Pierce, P.J., and Regan, J., concurred.
A petition for a rehearing was denied September 11, 1968, and respondent's petition for a hearing by the Supreme Court was denied October 9, 1968. Traynor, C.J., Peters, J., and Mosk, J., were of the opinion that the petition should be granted.
NOTES
[1]  On direct examination by the district attorney, Baker testified that defendant expressed willingness to discuss the burglary, then testified, in response to a question whether defendant admitted the burglary, that he had not. At that point the direct examination moved to another topic without illuminating defendant's expressed willingness to talk. Cross-examination, however, revealed that defendant's expressed willingness to discuss the burglary was followed by a positive denial of complicity.
[2]  Possibly the form was a written waiver of the sort commonly used by police. It is not part of the record, however.

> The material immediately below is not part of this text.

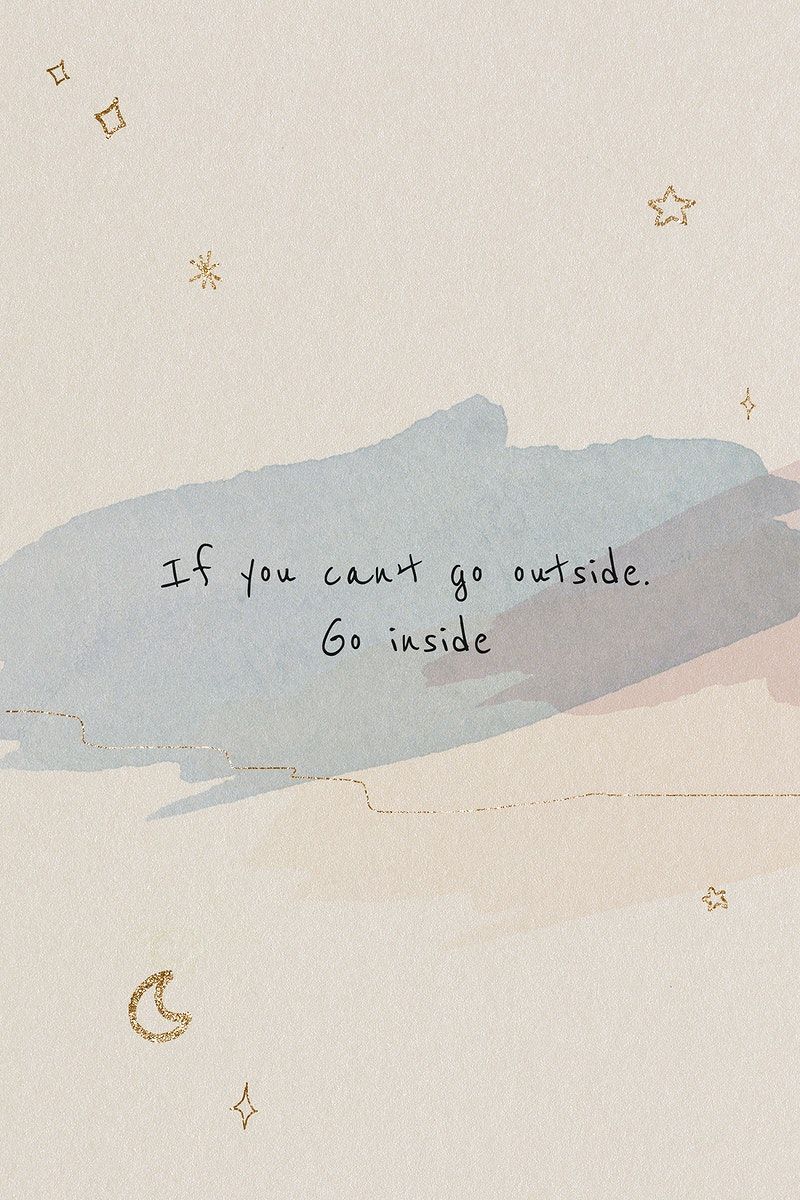 If you can't go outside, go inside. - Mental health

[3]  The Fioritto case involved a specific application of the following statement in the majority Miranda opinion, 384 U.S. at pages 473-474 [16 L.Ed.2d at pp. 722-723]: "Once warnings have been given, the subsequent procedure is clear. If the individual indicates in any manner, at any time prior to or during questioning, that he wishes to remain silent, the interrogation must cease. At this point he has shown that he intends to exercise his Fifth Amendment privilege; any statement taken after the person invokes his privilege cannot be other than the product of compulsion, subtle or otherwise."
[*]   A rehearing was granted by the Court of Appeal on June 26, 1968. The opinion on rehearing was certified for nonpublication.
[4]  Good faith confrontation with the confessions of accomplices is an interrogation technique possessing no apparent constitutional vice. In Fioritto, supra, the confrontation occurred after the constitutional privilege had been invoked. (68 Cal.2d at p. 718.) The invocation of silence, not use of the confrontation, barred Fioritto's confession. Here the record shows no invocation of constitutional privilege.